まず、昨年5 月に開催された若者に人気の都市型フェス「GREENROOMFESTIVAL(グリーンルーム・フェスティバル)」に参加。従来型フェスには一日中好きな音楽を聞いて騒いで踊るといったイメージがあるが、「GREENROOMFESTIVAL」はこれらとは異質の、「若者が好きなコトを詰め込んだ一種の“アミューズメントパーク”」のような場となっていた。ライブパフォーマンスはもちろんのこと、映画鑑賞やヨガクラスの開催、有名アパレルブランドの限定商品が販売されるブースの出店、さらに、人気のグラフィックアーティストによるパネルの撮影コーナーなど、提供される“コト”はさまざま。参加者はスマホ片手に仲間と写真を撮影しあい、一つの体験を終えると次の体験スペースへと移動する。それは次々アトラクションを楽しめる遊園地のようで、多くの選択肢の中から自分の興味に合わせてカスタマイズできることが、同フェスが支持される理由として考えられる。

GREENROOM FESTIVAL


※昨年5月、2日間にわたって横浜赤レンガ地区野外特設会場にて開催されたGREENROOM FESTIVAL。ヨガクラスの開催や有名アパレルブランドによるブースなども出展され、賑わいをみせていた

また、「音楽ライブのようだ」と評判の「爆音映画祭」も近年、若者に人気のコト消費だ。

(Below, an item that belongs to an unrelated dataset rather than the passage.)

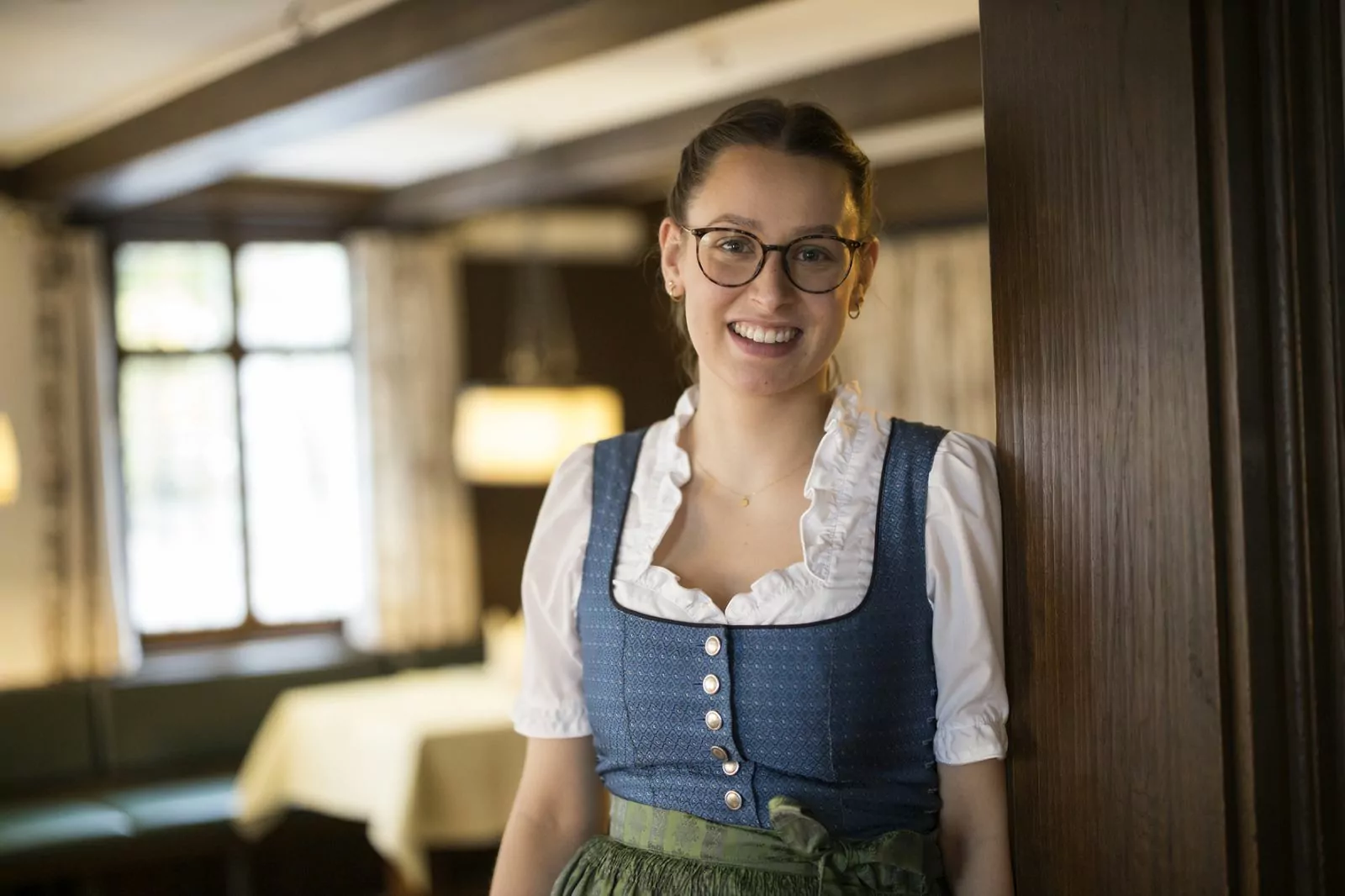 Sterne im Sauerland Nachhaltigkeit Arbeitgeber zufriedene Mitarbeitende Nachhaltigkeit Lächelnde Service-Mitarbeiterin im Dirndl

ライブで使用されるスピーカーを使って大音量に包まれながら映画を鑑賞するイベントだが、参加したifs社員は、「音楽ライブのような体験をすることができ、フェスに来ているような感覚になった」とリポート。終演後には、LINE世代と思われるグループから、「久しぶりに映画館に来たけど、五感が刺激されて面白かった」、「ここまでリアルな感じや迫力があるとは思わなかった」と、興奮を交えての感想が聞かれた。

映画鑑賞スタイルには、スクリーンの登場人物に声援を送れる「応援上映」という新たな上映方法が登場し、コスプレをしたりデコうちわやペンライトを持って、参加者が一体となって映画の世界を楽しんでいる。「映画館では各々が静かに鑑賞する」という常識はすでに過去のものとなりつつあり、多様にアレンジされた鑑賞スタイルが新鮮な体験型コンテンツとして受け入れられている。

■新アラサー世代=LINE世代の消費のねらいめは?

こうした若者が好む最近のコト消費に共通するのは、いかに自分たちらしく楽しめるかを考える「カスタマイズ」や「アレンジ」がキーとなってきている点ではないだろうか。これまでは、浅いつながりを濃く演出する手段として、誰もが瞬間的に盛り上がり共有できるイベントに注目が集まっていたが、これらの事例からは、もう一歩踏み込んだ細分化が求められてきている様子がうかがえる。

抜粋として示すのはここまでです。